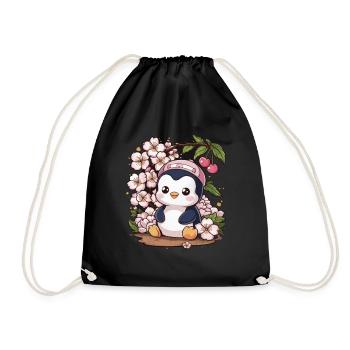 Cartoon Kawaii Pinguin mit Kirschen - Turnbeutel - Schwarz - Vorne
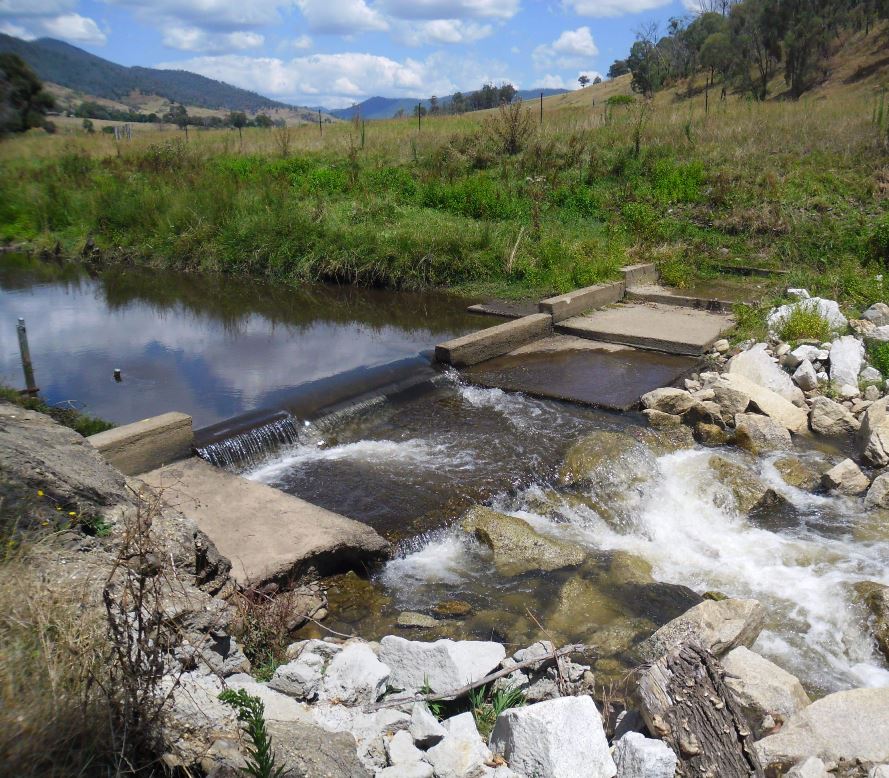 This weir has an adjacent stream gauging station that measures water height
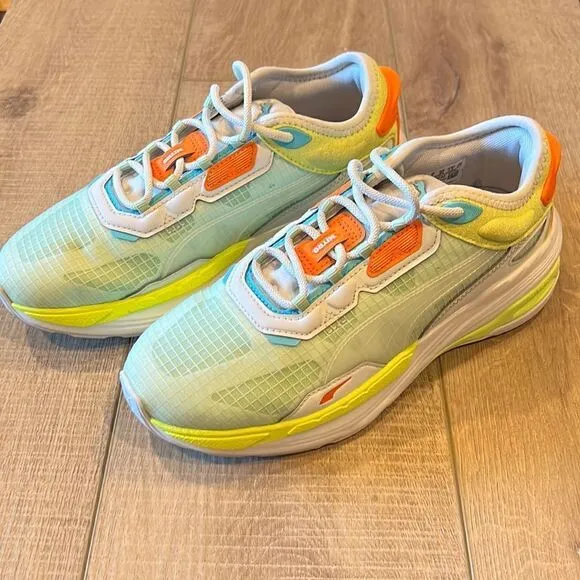 Puma Extent Nitro Tech Sneakers US 7.5 Green and Orange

•••••

Aim of the task: From the first line to the last, write out the data exactly, omitting any pictures.

Answer to the exercise:
 Cartoon Kawaii Pinguin mit Kirschen - Turnbeutel - Schwarz - Vorne
 This weir has an adjacent stream gauging station that measures water height
 Puma Extent Nitro Tech Sneakers US 7.5 Green and Orange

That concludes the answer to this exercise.